Neue Tradition

Cronberger Schützengesellschaft lud zum ersten hessischen Böllerschießen ein

Die Cronberger Schützengesellschaft hat gemeinsam mit den Schützen aus Eschersheim das erste hessische Böllerschießen organisiert. Viele Besucher kamen zum Spektakel in die Obere Lindenstruth. Bürger, die von der Veranstaltung nichts wussten, riefen besorgt bei der Polizei an.

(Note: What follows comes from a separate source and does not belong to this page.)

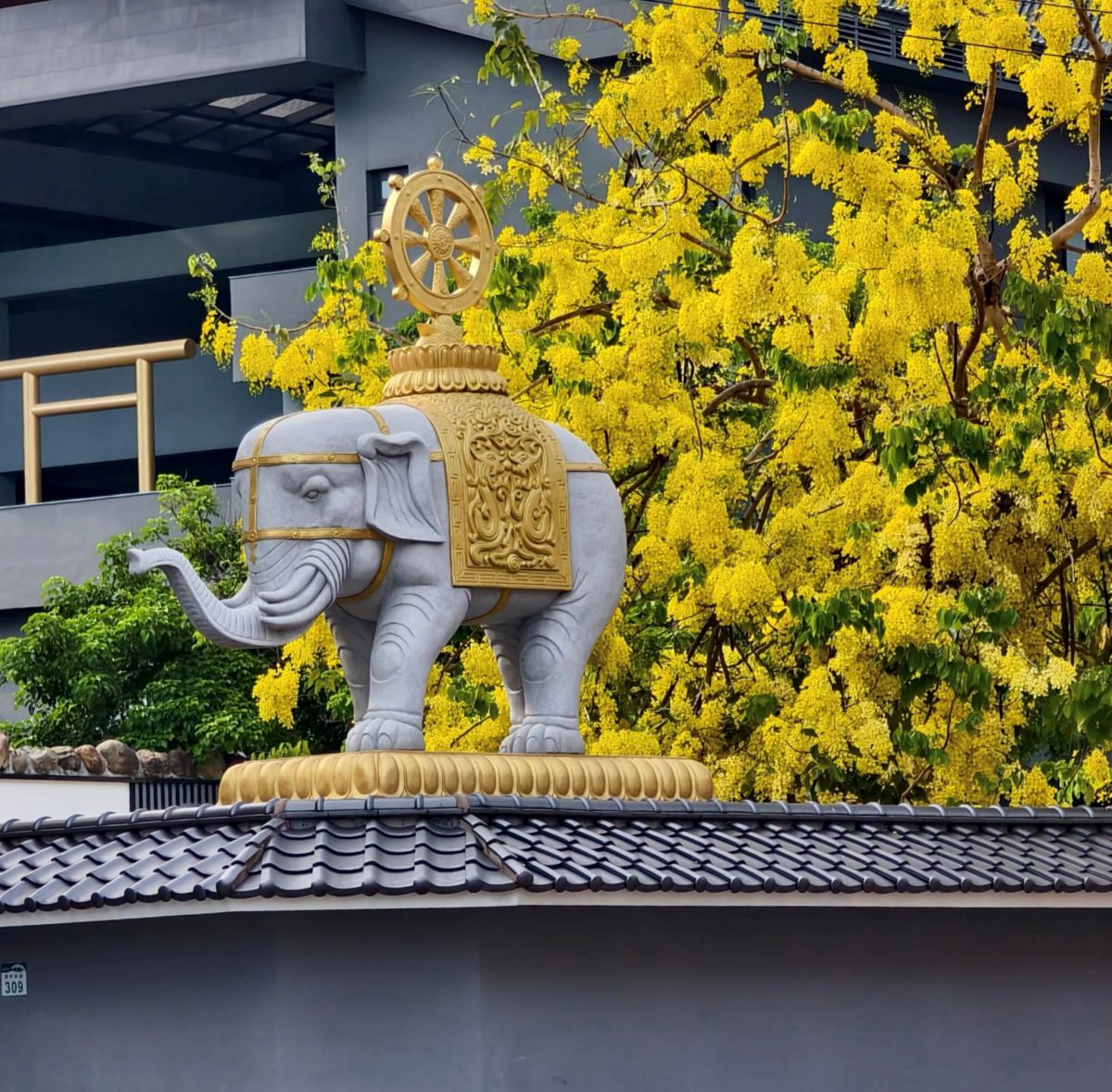 這不是日本！高雄隱藏版「阿勃勒森林」免費拍，古樸佛寺下起黃金雨超浪漫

Auf dem Gelände der Cronberger Schützengesellschaft ist viel los. Interessierte sind von nah und fern angereist, um beim ersten hessischen Böllerschießen dabei zu sein. Die Teilnehmer haben so ziemlich alles aufgefahren, was es zum Böllern gibt.

Es gibt Handböller, ähnlich großen holzummantelten Pistolen. Hinzu gesellen sich Schaftböller, mehrere Kilogramm schwer und in der Größe gut vierzig Zentimeter lang. Auch sie sind mit handgedrechselten Holzornamenten verziert. Ihr Lauf ist in Hochglanz poliert.

Erwähnenswert sind auch die detailreichen Trachten der verschiedenen Schützenvereine. Doch die verschiedenen Böller und Kanonen übertrumpfen alles. „24 Vereine aus ganz Deutschland beteiligen sich am Böllerschießen“, sagt Rolf Gilgen, der stellvertretende Vorsitzende der Cronberger Schützengesellschaft.

Vereine mit ausreichend finanziellem Polster haben sich in der Vergangenheit eine Böllerkanone angeschafft. Acht sind auf der Wiese hinter dem Schützenhaus platziert. Sie sind mit rund 400 Gramm Schießpulver gestopft, das bald gezündet werden soll. „Die Kronberger Schützen richten mit uns das hessische Böllerschießen aus, das in Bayern schon seit mehr als 400 Jahren Tradition hat“, so Ulrich Huth, der Vorsitzende des Schützenvereins Eschersheim und Schussmeister der Ersten Frankfurter Böllerschützen.

„Wir Böllerschützen wollten diese Tradition schon lange nach Hessen bringen, waren aber immer auf der Suche nach einem geeigneten Gelände“, erklärt Huth. Dieses habe man dank der Cronberger Schützengesellschaft gefunden, so der Schussmeister.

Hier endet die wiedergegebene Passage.